Underrated While Roebling’s achievement was superb, the true giant among the masters of modern bridge building is another immigrant, the Swiss-German engineer Othmar Ammann. Beginning with the George Washington Bridge in 1931, a towering steel structure at once massive and graceful, Ammann undertook a series of projects that knitted together the New York metropolitan area with some of the world’s most beautiful bridges. These include the Triborough (actually a complex of three bridges), Whitestone, Throgs Neck, and Verrazano-Narrows.

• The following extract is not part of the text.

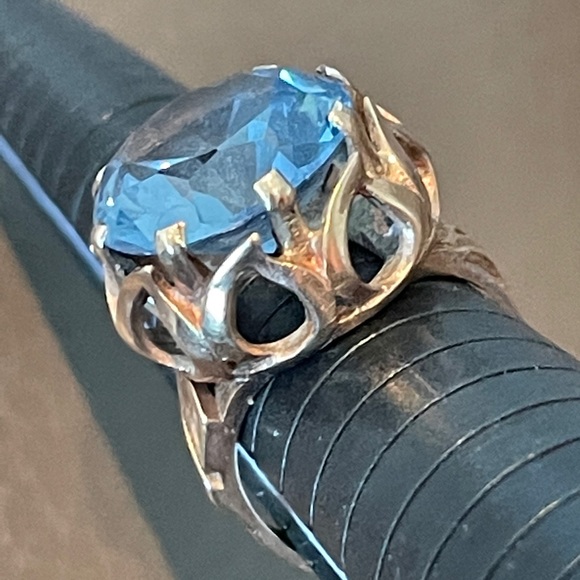 1940 9k Genuine Gold Aquamarine Ring - Picture 8 of 10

Overrated The architectural historian Fiske Kimball and the critic Lewis Mumford, starting in the 1910s and 1920s, helped inflate the reputation of our only architect-President, but Thomas Jefferson is perhaps the most overrated American practitioner of the building art. Although Jefferson’s beloved Monticello is a fascinating case history of the house as autobiography, it is both formally and spatially awkward, its many “ingenious” contraptions are ultimately tedious, it took him forever to complete, and it cost so much that he died nearly destitute. His inappropriate practice of adapting the forms of ancient Roman temples for the functions of modern American public buildings—the Maison Carrée for the Virginia State Capitol and the Pantheon for the University of Virginia—burdened those institutions with imposing but inflexible structures that resisted expansion. And his anonymous entry in the 1792 competition for the President’s House in Washington, an ill-proportioned version of Palladio’s Villa Rotonda, makes one feel lucky that James Hoban’s graceful and modest scheme was chosen instead.